2Student, B.Sc (Artificial Intelligence), Government College (Autonomous), Rajahmundry, Adhra Pradesh, India.
3Student, B.Sc (Artificial Intelligence), Government College (Autonomous), Rajahmundry, Adhra Pradesh, India.
4Student, B.Sc (Artificial Intelligence), Government College (Autonomous), Rajahmundry, Adhra Pradesh, India.
5Student, B.Sc (Artificial Intelligence), Government College (Autonomous), Rajahmundry, Adhra Pradesh, India.
6Assistant Professor, Department of Computer Science, Government College (Autonomous), Rajahmundry, Adhra Pradesh, India.

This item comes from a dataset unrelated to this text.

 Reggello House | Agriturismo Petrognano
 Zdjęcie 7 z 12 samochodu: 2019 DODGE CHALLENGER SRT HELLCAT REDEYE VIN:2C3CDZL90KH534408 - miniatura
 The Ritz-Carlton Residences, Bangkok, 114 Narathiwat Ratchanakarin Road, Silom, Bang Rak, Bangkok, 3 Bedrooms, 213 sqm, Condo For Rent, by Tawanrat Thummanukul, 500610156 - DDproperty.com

Abstract – Spam email detection has become a critical challenge in modern communication systems due to the increasing volume of unwanted and malicious emails. This research presents a comparative analysis of multiple machine learning algorithms for efficient spam classification. The study utilizes a labeled dataset containing spam and ham messages, which is preprocessed and transformed using Term Frequency–Inverse Document Frequency (TF-IDF) vectorization.Five different machine learning algorithms, namely Gaussian Naive Bayes, K-Nearest Neighbors (KNN), Decision Tree, Random Forest, and Support Vector Machine (SVM), are implemented and evaluated. The dataset is split into training and testing sets, and performance is measured using accuracy and confusion matrix.